Il problema che molte donne riscontrano appena entrate in menopausa è il senso di fame improvviso, sbalzi d’umore e una minore propensione all’attività fisica. Fattori, questi, che contribuiscono all’aumento di peso.

“Ma il grasso che va a costituire le maniglie dell’amore – spiega l’esperta – è grasso cattivo, androide. Quello che ne deriva non è un problema solo estetico, come denunciano molte, ma cardiovascolare. Provoca infatti insulinoresistenza, anticamera di diabete, infarto e ictus, ma anche tumori”.

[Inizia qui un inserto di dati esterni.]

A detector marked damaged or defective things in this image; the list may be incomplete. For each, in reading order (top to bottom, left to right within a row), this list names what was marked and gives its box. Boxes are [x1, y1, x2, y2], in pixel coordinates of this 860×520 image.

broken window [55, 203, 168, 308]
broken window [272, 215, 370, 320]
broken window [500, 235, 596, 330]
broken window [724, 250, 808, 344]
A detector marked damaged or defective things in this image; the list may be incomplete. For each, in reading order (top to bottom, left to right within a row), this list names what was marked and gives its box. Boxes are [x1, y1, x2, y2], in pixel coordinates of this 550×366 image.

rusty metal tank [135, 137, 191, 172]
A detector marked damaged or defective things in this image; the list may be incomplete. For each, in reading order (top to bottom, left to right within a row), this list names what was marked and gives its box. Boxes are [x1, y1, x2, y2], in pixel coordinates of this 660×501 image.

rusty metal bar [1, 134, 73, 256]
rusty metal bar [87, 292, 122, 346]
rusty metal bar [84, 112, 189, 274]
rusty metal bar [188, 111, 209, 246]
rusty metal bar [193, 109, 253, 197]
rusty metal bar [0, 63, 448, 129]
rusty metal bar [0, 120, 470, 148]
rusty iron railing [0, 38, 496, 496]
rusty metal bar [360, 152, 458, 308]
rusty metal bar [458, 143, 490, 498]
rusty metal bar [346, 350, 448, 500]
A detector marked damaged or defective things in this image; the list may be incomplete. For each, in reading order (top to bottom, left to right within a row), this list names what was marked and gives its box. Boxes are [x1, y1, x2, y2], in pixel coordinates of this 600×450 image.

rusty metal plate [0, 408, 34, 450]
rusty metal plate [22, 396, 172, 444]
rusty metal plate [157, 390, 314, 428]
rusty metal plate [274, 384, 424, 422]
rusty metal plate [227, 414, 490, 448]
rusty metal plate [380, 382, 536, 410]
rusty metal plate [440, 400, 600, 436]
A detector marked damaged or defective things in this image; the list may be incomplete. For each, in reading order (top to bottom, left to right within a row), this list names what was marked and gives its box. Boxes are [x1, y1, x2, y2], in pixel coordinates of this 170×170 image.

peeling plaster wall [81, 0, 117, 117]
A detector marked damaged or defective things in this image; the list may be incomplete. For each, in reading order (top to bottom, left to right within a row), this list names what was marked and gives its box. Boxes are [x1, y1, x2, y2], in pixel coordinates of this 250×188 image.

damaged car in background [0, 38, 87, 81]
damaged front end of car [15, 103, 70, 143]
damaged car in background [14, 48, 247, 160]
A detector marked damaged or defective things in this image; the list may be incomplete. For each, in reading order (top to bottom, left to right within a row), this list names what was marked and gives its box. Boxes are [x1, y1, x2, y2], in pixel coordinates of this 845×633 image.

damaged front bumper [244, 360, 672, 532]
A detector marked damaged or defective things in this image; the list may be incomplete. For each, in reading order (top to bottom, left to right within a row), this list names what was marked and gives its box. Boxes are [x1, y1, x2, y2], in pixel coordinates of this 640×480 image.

“La dieta giusta”, continua ancora la Nappi, “si basa sull’assunzione, al posto di pasta e pane di grano duro, di cereali integrali. Grazie alle fibre, infatti, non solo si ha un apporto calorico ridotto, ma si modifica il modo in cui bruciamo grassi e zuccheri, diminuendo anche i picchi di insulina”.

Secondo la ginecologa, la giusta dieta, coadiuvata con le giuste spezie e le giuste sostanza, come la curcuma, il cacao, la salvia o il tofu, può arrivare a sostituire le terapie ormonali contro i sintomi da menopausa, sempre meno amate dalle donne.